Extracted records
..........
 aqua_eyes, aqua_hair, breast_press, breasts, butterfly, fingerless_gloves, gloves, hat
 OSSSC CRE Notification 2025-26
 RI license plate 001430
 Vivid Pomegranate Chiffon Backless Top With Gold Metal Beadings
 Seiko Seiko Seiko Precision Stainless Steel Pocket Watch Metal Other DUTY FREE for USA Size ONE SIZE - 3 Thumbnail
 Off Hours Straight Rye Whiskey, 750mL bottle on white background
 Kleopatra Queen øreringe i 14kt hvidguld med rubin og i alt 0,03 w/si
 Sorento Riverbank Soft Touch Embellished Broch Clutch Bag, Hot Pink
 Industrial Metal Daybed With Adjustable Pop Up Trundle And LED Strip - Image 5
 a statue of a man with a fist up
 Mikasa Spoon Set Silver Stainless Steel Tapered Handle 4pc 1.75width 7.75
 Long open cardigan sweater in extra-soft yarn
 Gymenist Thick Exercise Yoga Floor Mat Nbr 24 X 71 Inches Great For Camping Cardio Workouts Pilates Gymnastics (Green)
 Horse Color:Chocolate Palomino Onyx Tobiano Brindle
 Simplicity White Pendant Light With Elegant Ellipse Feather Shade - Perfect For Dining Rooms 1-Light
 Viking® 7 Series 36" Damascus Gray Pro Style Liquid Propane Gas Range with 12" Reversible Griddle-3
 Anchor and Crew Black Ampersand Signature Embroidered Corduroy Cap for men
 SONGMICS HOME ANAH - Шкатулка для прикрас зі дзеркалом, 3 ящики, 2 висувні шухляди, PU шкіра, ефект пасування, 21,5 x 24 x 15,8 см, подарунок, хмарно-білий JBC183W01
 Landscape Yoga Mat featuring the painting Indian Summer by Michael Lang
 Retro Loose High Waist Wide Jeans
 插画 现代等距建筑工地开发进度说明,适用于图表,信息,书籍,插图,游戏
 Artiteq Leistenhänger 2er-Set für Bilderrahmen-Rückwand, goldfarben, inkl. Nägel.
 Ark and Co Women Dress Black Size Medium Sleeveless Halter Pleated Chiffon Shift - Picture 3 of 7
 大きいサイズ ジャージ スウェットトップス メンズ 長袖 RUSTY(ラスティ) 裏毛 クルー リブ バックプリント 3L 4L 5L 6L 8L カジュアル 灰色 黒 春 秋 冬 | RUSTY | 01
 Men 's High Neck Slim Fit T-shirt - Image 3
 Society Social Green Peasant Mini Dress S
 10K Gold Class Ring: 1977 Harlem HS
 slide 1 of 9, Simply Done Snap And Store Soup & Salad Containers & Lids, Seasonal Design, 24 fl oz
..........
Exercise:
Each line from the one that contains "10K Gold Class Ring: 1977 Harlem HS" through the end of the records must be repeated exactly. No other line belongs in the answer.

Finished exercise:
 10K Gold Class Ring: 1977 Harlem HS
 slide 1 of 9, Simply Done Snap And Store Soup & Salad Containers & Lids, Seasonal Design, 24 fl oz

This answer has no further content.